I hooked up my accelerator pedal in my car to my brake lights. I hit the gas, people behind me stop, and I'm gone. 
Steven Wright

I installed a skylight in my apartment... the people who live above me are furious! 
Steven Wright 

I live on a one-way street that's also a dead end. I'm not sure how I got there. 
Steven Wright

I poured spot remover on my dog. Now he's gone. 
Steven Wright

I put instant coffee in a microwave oven and almost went back in time. 
Steven Wright

I remember when the candle shop burned down. Everyone stood around singing 'Happy Birthday.' 
Steven Wright 

I must confess, I was born at a very early age. 
Groucho Marx 

I never forget a face, but in your case I'll be glad to make an exception. 
Groucho Marx

I think it's wrong that only one company makes the game Monopoly. 
Steven Wright 

I used to work in a fire hydrant factory. You couldn't park anywhere near the place. 
Steven Wright 

I was a peripheral visionary.
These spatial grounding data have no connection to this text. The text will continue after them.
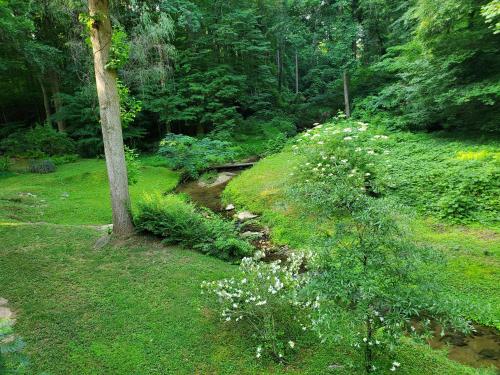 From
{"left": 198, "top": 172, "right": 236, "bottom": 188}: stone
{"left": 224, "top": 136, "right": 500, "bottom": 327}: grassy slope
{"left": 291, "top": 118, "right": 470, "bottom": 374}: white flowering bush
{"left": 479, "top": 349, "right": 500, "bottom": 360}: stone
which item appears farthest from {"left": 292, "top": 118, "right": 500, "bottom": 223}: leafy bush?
{"left": 198, "top": 172, "right": 236, "bottom": 188}: stone

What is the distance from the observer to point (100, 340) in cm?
399

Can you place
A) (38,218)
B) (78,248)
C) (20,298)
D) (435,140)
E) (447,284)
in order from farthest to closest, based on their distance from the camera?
(435,140), (38,218), (78,248), (447,284), (20,298)

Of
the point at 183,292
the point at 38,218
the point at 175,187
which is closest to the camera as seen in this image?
the point at 183,292

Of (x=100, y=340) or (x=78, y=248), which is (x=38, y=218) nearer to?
(x=78, y=248)

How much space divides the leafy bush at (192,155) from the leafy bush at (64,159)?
4.26 m

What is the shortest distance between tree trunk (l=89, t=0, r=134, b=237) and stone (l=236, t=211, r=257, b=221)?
3.79 meters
I could see the future, but only way off to the side. 
Steven Wright

I went to a general store but they wouldn't let me buy anything specific. 
Steven Wright 

Room service? Send up a larger room. 
Groucho Marx 

The secret of life is honesty and fair dealing. If you can fake that, you've got it made. 
Groucho Marx

If one synchronised swimmer drowns, do all the rest have to drown too? 
Steven Wright 

Is it weird in here, or is it just me? 
Steven Wright 

On the other hand, you have different fingers.